JPMorgan terminated Trump Media's accounts in March 2024, shortly before the company went public. A JPMorgan spokesperson stated the bank "follows the law in responding to subpoenas". In December 2025, Dimon denied allegations of politically motivated actions, stating the bank does not "debank people for religious or political affiliations" and that banks are legally compelled to comply with subpoenas.

==Reactions==
===Historical context===
Congressional phone records have previously been subpoenaed in federal investigations. In 2017–2018, the Trump administration's DOJ secretly obtained records of Representatives Eric Swalwell and Adam Schiff, along with 43 staffers, as part of a leak investigation. The investigations closed without criminal charges. Inspector General Michael E. Horowitz reviewed the matter in December 2024, finding no evidence of political motivation but concluding the DOJ "failed to take sufficient account of constitutional separation of powers". The review prompted the DOJ to strengthen oversight procedures for obtaining congressional records. Following the Arctic Frost disclosures, Swalwell asked why many Republicans objecting to Smith's subpoenas had not objected when his records were obtained.

===Political responses===
After the disclosure, President Donald Trump criticized Special Counsel Jack Smith and called for his prosecution. Other officials called for further review of the matter.

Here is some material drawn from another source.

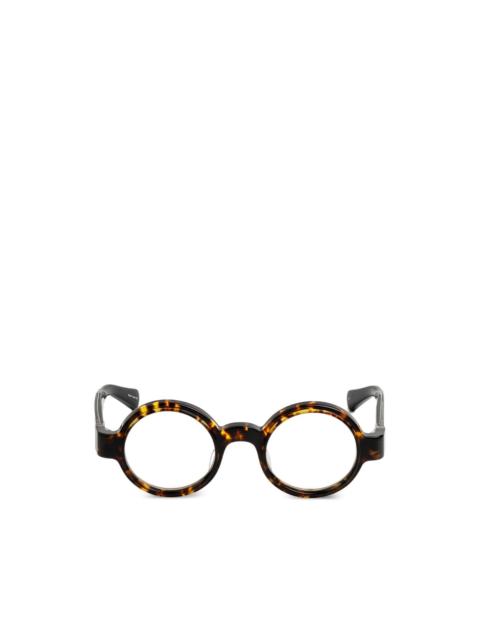 MATSUDA tortoiseshell-effect round-frame glasses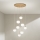 Ondaluce - Lámpara colgante con cable JEWEL 8xE14/10W/230V Ø 70 cm dorado/blanco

FBI director Kash Patel and Senate majority leader John Thune criticized the investigation as an abuse of power. Patel stated the agents "weaponized law enforcement against the American people" and announced the firings and unit disbandment.

Attorneys for Special Counsel Jack Smith defended the investigation as "entirely proper, lawful, and consistent with established Department of Justice policy". Smith's attorneys defended the investigation as "entirely proper, lawful, and consistent with established Department of Justice policy," noting that career officials in DOJ's Public Integrity Section approved the subpoenas and that the limited temporal range was "consistent with a focused effort" to verify news reports about calls to senators regarding election certification.

Senator Chris Coons (D-Del.) stated the surveillance "would strike me as a significant invasion of the right of Senators to conduct their jobs, so this is something that needs urgent follow-up."

===Legal and constitutional commentary===
Attorney General Pam Bondi testified on October 7, 2025, that Arctic Frost represented "an unconstitutional, undemocratic abuse of power".

Conservative legal scholar Andrew C. McCarthy of the National Review defended the investigation, writing "The notion that there was something scandalous about leadership at the DOJ and FBI approving an investigation into conduct that resulted in viable criminal charges is ridiculous."

Stanley Brand, a senior fellow at Penn State Dickinson Law and former counsel to the House of Representatives, noted that the investigation "seemed to go against the Constitution's separation of powers doctrine" because certification of presidential elections falls within Congress's constitutional jurisdiction. Legal experts offered differing views on Fourth Amendment implications. Cheryl Bader, a former federal prosecutor and clinical associate law professor at Fordham University, stated that obtaining phone metadata is not legally a "search" requiring a warrant, citing the Supreme Court's 1979 ruling in Smith v. Maryland that pen registers collecting call information do not violate Fourth Amendment protections. However, Brett Tolman, a former federal prosecutor and chair of American justice at the America First Policy Institute, argued that the investigation demonstrated insufficient "guardrails" on FBI intelligence-gathering powers expanded after the September 11 attacks.